Would you return, word for word, the lines of the data below from the line with "The second way" through the line with "Hello everybody, my", and no others?

MATERIALS PROVIDED Start Marker

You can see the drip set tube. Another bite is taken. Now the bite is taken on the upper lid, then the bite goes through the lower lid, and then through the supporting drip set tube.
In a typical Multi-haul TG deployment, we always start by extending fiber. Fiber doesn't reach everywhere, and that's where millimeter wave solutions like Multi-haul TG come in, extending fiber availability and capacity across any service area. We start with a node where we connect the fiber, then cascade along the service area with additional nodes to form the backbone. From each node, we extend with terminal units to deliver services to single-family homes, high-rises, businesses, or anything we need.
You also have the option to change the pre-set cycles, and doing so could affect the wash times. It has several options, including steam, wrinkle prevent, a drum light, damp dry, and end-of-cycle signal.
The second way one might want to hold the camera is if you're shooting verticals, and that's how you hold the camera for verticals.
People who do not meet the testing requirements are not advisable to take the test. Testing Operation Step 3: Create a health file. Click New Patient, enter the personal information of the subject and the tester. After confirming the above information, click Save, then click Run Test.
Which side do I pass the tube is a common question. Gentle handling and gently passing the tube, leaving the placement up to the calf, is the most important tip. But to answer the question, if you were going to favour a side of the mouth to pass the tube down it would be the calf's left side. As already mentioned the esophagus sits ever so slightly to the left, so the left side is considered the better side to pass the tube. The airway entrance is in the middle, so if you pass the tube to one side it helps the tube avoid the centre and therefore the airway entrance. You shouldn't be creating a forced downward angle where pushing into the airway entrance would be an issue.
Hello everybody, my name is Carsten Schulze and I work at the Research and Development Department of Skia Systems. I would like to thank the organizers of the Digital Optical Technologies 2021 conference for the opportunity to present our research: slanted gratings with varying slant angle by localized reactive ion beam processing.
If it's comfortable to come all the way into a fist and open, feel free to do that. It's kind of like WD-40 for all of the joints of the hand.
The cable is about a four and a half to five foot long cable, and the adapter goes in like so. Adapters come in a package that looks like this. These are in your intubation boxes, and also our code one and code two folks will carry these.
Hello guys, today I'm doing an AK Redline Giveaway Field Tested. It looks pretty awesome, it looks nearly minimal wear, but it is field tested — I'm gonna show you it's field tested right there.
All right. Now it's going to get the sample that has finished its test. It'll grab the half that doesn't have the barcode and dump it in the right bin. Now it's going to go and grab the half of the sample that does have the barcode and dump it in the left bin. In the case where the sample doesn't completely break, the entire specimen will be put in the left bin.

MATERIALS PROVIDED End Marker

■ RESULT OF THE EXERCISE
The second way one might want to hold the camera is if you're shooting verticals, and that's how you hold the camera for verticals.
People who do not meet the testing requirements are not advisable to take the test. Testing Operation Step 3: Create a health file. Click New Patient, enter the personal information of the subject and the tester. After confirming the above information, click Save, then click Run Test.
Which side do I pass the tube is a common question. Gentle handling and gently passing the tube, leaving the placement up to the calf, is the most important tip. But to answer the question, if you were going to favour a side of the mouth to pass the tube down it would be the calf's left side. As already mentioned the esophagus sits ever so slightly to the left, so the left side is considered the better side to pass the tube. The airway entrance is in the middle, so if you pass the tube to one side it helps the tube avoid the centre and therefore the airway entrance. You shouldn't be creating a forced downward angle where pushing into the airway entrance would be an issue.
Hello everybody, my name is Carsten Schulze and I work at the Research and Development Department of Skia Systems. I would like to thank the organizers of the Digital Optical Technologies 2021 conference for the opportunity to present our research: slanted gratings with varying slant angle by localized reactive ion beam processing.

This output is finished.